これは起きる前に掃除をしなければならないだろう。
杖を一振りすると部屋のあちこちで勝手に紙類はまとまり、本は本棚へと戻っていく。すぐ床が見えるようになるだろう。
続いて心地いい目覚めのためにとティーセットに魔法をかける。
「…うるさい……なんだ…?」
「《ごめんね。起こしちゃった?》」
バサバサと空を飛ぶ本と紙に、カチャカチャと食器が当たる音はスネイプが目を覚ますのには十分だったらしい。
一時的に魔法を解くと、室内は一気に無音と化した。
「……静香?」
「《おはよう》」
唸りながら目を開けたスネイプはかなり不機嫌そうな顔だ。
だが、目の前をふわりと飛ぶ半透明の姿と、粒子で描かれた言葉に目を見開いた。
上半身を起こし、ナマエを凝視した。
「こ…の馬鹿幽霊がっ!!どこに消えていたんだ!!」
「《あっ…大丈夫?》」
一発殴らないと気が済まないと空を浮く静香の脳天めがけて放った拳骨は、半透明の身体を通過して見事にからぶった。
が、通り過ぎたナマエの身体は幽霊特有のぞわっとする冷たさはなく、ふわりと暖かい。
それが、この半透明が幻ではないと実感させてくれたような気がして、ス湧き上がった怒りが小さくなっり、代わりになんとも言えないむず痒い気持ちがスネイプの胸を支配した。
「《なんか心配させたみたいでごめん。姿消しの呪文かけられちゃって…そうだ、クィレル!!》」
「やはりあいつに消されていたのか。…クィレルなら昨日に死亡した」
「《え??》」
「お前が呪文で消されてる間に賢者の石がクィレルに盗まれそうになった所をポッターが止めたのだ」
「《えぇぇぇ》」
日付を聞けば、あの図書室で消されてしまった日から数日は立っていた。
だからちょっと見てない間にセブルスの顔色がこんなに悪くなっていたのかとナマエは妙に納得してしまった。
部屋の片づけはいつも丸投げしていたから、きっと今回も放置していたのだろう。
部屋をよくよく見れば試験の解答もあるし、本当に自分は数日間消されてしまっていたようだ。

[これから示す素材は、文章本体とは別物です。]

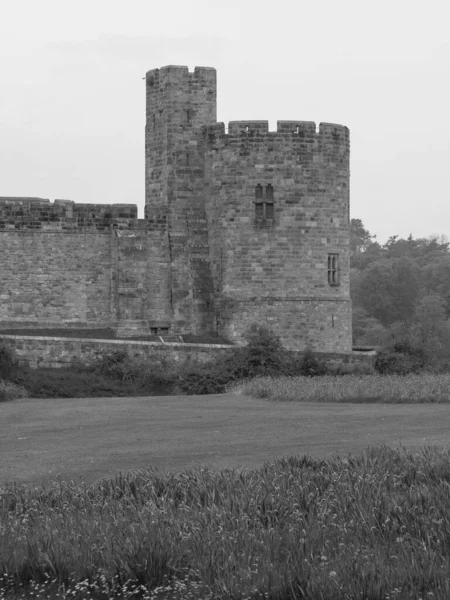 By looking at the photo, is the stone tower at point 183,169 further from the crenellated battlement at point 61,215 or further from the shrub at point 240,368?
the shrub at point 240,368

一人だけ時間を飛び越えてしまったようで、なんだか実感が沸かない。
再度魔法で一人分の紅茶を淹れると、寝起きのスネイプの手元にそっと置いた。
「フッやはり紅茶はお前が淹れたものがいい」
「《ふふ、光栄です》」
「一日は長い。これからじっくり話してやろう」
「《うん。よろしく)」
そしてナマエはスネイプの足元に寝転ぶと、朝日が差し込む部屋でここ数日あった事を順番に紐解いていった。